Charles Rothschild. Picture: The Wildlife Trusts

Charles Rothschild. Picture: The Wildlife Trusts

Charles Rothschild (1877 – 1923) was a member of the famous Rothschild banking dynasty, and spent much of his childhood at the family’s Tring Park estate in Buckinghamshire. He discovered the wonders of the nearby Dancersend valley with his older brother Walter. They would go hunting for butterflies and moths there, sparking Charles’s lifelong interest in natural history.

As well as becoming a banker in the family business, Charles also became a respected entomologist and, in 1912, he founded the Society for the Promotion of Nature Reserves (SPNR), which later became The Wildlife Trusts of which BBOWT is a member.

He acquired 78 acres of the richest habitat in the Dancersend valley to protect it for wildlife and, in 1941, his son Victor and daughter Miriam gifted that land to the society which their father founded to be one of its first nature reserves. That land is now part-owned and managed by BBOWT.

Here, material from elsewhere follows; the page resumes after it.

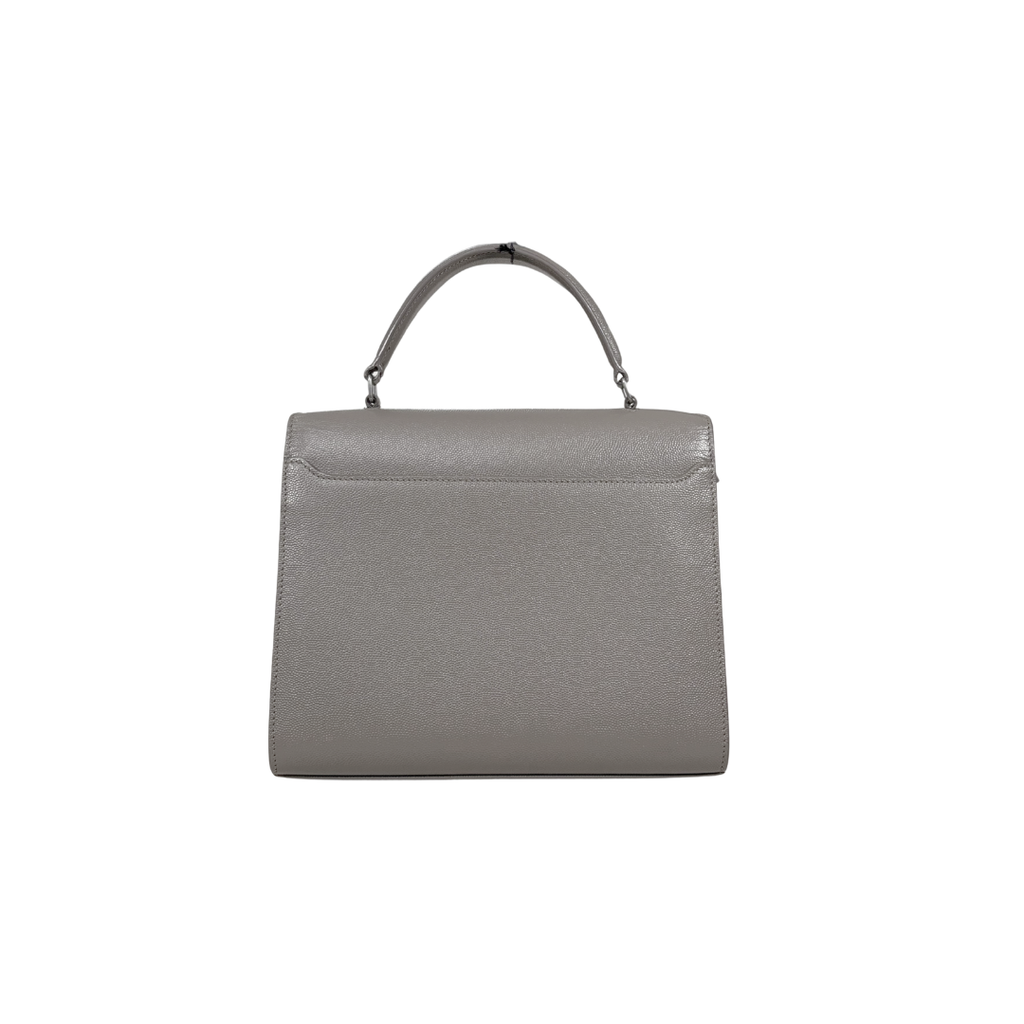 Cassandra Top Handle Bag Grey Silver Hardware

We are proud to continue the work that Charles Rothschild started on the site, which represents a historic turning point in the way that our society interacts with the natural environment.

As our entire planet rallies to tackle the problems of global climate change and ecological damage, there has never been a better time to recognise the importance of this modest patch of woods and grassland in the English countryside.
The Rothschild Foundation

Under BBOWT's care, Dancersend has nearly trebled in size to 211 acres of woodland, chalk grassland and scrub stretching across three parishes - almost all of it open to the public. Nestling in the Chilterns Area of Outstanding Natural Beauty (AONB), the reserve boasts 390 species of flowering plants and ferns, over 800 species of fungi and more than 770 species of butterflies and moths.

Among its most charismatic residents are:

  • Woodpeckers
  • Glow worms
  • Orchids
  • Duke of Burgundy butterflies
  • Scarlet elfcup fungus
  • Chiltern gentians
Mick Jones, volunteer warden at BBOWT's Dancersend nature reserve for more than 40 years. Picture: BBOWT

Mick Jones, volunteer warden at BBOWT's Dancersend nature reserve for more than 40 years. Picture: BBOWT

Mick Jones, who has been the volunteer warden of Dancersend for more than 40 years, said:

"To me the site is the cradle of British nature conservation, on the basis of Miriam Rothschild's story - told to me in the mid-80s - of her father and uncle's childhood expeditions there to collect butterflies and her own memories of accompanying them in her childhood.

“However, there appears to be no general recognition of the role of Dancersend in the history of The Wildlife Trusts. There is no memorial to Charles at the reserve and this is something I would like to correct before I have to give up as warden - I am 71 now. As it will be the 80th birthday of the reserve this year I want to publicise the story and promote the idea of some sort of memorial."

A greater butterfly orchid at BBOWT's Dancersend nature reserve near Aylesbury. Picture: Mick Jones

A greater butterfly orchid at BBOWT's Dancersend nature reserve near Aylesbury. Picture: Mick Jones

The new display boards at the reserve are intended to be just that, telling Charles Rothschild's story to all the visitors who come to the site. However most of the grant will go towards protecting, enhancing and creating habitat for wildlife.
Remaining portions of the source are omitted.